The LED DISPLAY shows at all times the NEXT ADDRESS to use, any DATA and the Active Probe Values. Below is a picture showing the information displayed.
Note that when in the Analogue Probe Mode, The Duty Cycle display will change to the voltage measured. This is displayed in volts and has two ranges.
The MODE indicator will be ‘d’ for DIGITAL probe and ‘A’ for ANALOGUE. When the probe is touched on a signal, the brightness will increase while signal is measured.
Backing up System files and data
As with most computer systems, taking a regular backup is always a good practice as corrupt data can strike at any time.
To back up the Testers files, there are two methods to use depending on whether it’s the system files or test data and programs.
BACKING UP SYSTEM FILES.
This is done by using the Raspberry Pi built in commands. From the MENU on the Desktop, select ACCESSORIES then SD CARD Copier.

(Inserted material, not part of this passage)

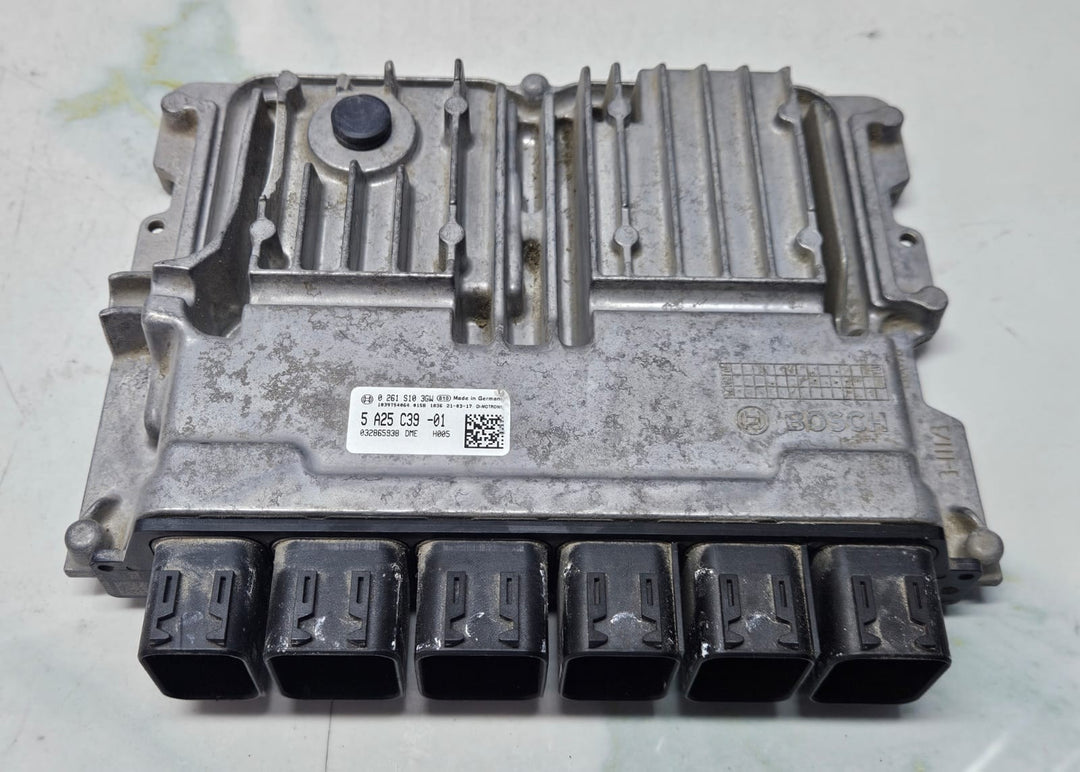 2018-2023 BMW M5 F93 M8 S63M Engine Control Unit 5A25C39 SET OEM
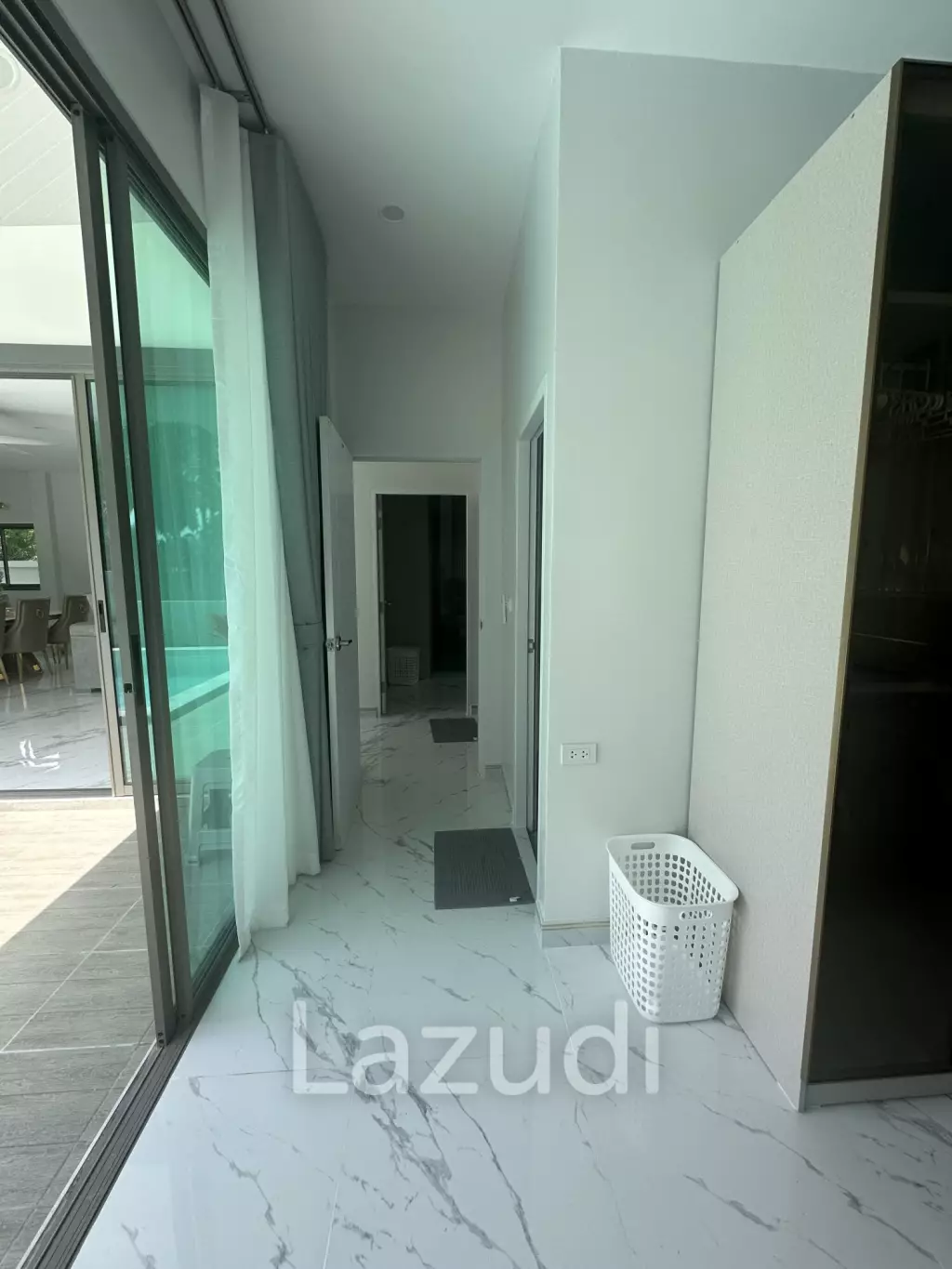 3BR Villa with Pool Jacuzzi – Fully Fenced Garden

This will show a window which allows the complete operating system to be copied onto another memory card plugged into a USB connection on the tester. The Operating system is stored on a 16GB microSD card within the tester and if this fails, there is no other way to load it back. It is recommended therefore that a second 16GB microSD card is purchased and the System copied onto it as detailed above. If a failure occurs, it is then a simple case of replacing the card within the tester using the copied one. Note an entire copy is made including any user files etc.

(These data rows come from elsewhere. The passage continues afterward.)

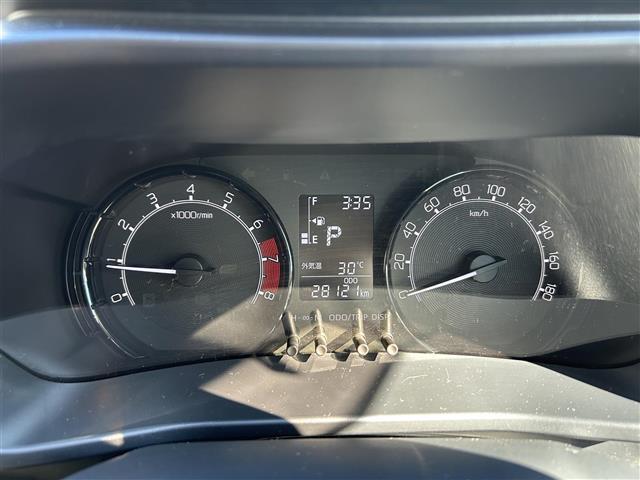 気になる車はすぐにお問い合わせください！画面右側の0066から始まる無料ダイヤルからお問い合わせ下さい！専門スタッフがお車のご質問にお答えいたします！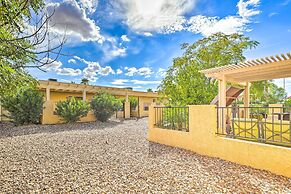 Casa Grande Getaway w/ Access to Golf Course!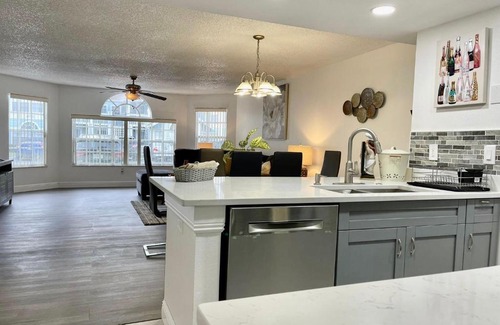 Royal Palm Bay Apartment | Grand Family 3BR Condo Apartment near Disney Parks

BACKING UP TEST FILES/USER DATA.
The test files and user data are stored within folders located on the Desktop. Below is a list detailing the files contained.
/home/pi/Desktop/Devices - All data for the ADT is stored here
/home/pi/Desktop/ROMS - ID.crc file, all BIN files and TXT files
/home/pi/Desktop/TestProgs - All Test Sequences Generated.

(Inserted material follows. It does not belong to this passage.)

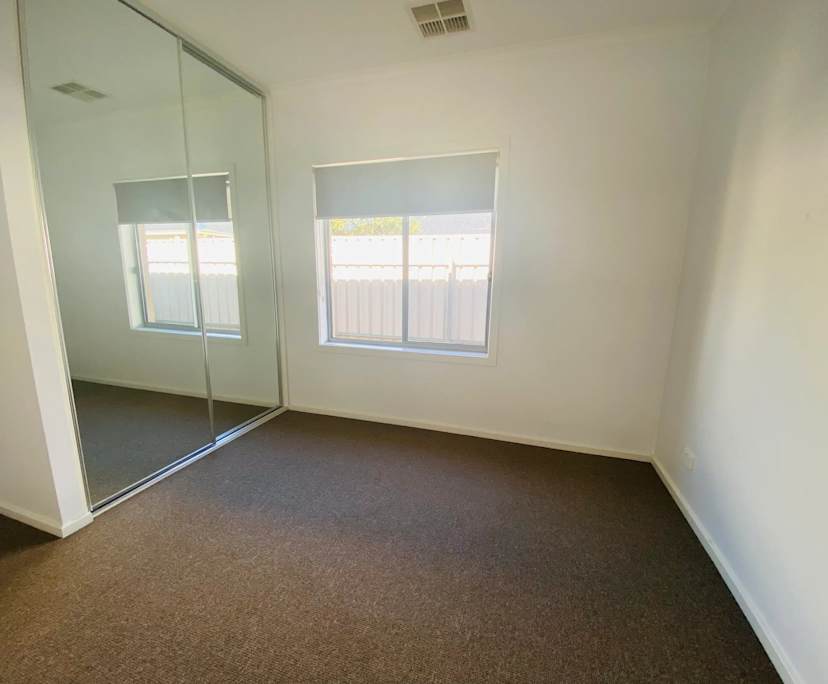 Unfurnished room with own bathroom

/home/pi/Desktop - The TEST.desktop batch file
/home/pi/Test - Test Program
To copy any of the above, simply use the File Manager App and copy onto a USB card as usual. Information on using this can be found on the internet.
It is advisable and good practice to upload your files and add them to the resources section for others to benefit from your additions
The tester can operate either the built in 3.5” LCD display or if preferred, an external monitor connected to the read HDMI connection.
To select which display is used, follow the instructions below.
Click the MENU button from the Desktop using either a mouse or the touch screen. From the options that appear, select the RUN option as shown below.
Next type in either one of the following command as required.
sudo ./lcd - Selects the LCD display
sudo ./hdmi - Selects the HDMI monitor
Note the command has to be exactly as shown above and in the picture on next page so sudo must be lowercase and followed by a space before the ./lcd or ./hdmi
Finally press ENTER or Click OK. The tester will reboot and afterwards, the selected monitor will be active. When using the external monitor, the TEST screen will be set to a smaller size. This is normal and cannot be changed. Also when other functions are selected, such as the ADT, these will appear as separate windows. Operate them as normal and always close them down when finished. Closing down the MAIN TEST SCREEN window will close the test program.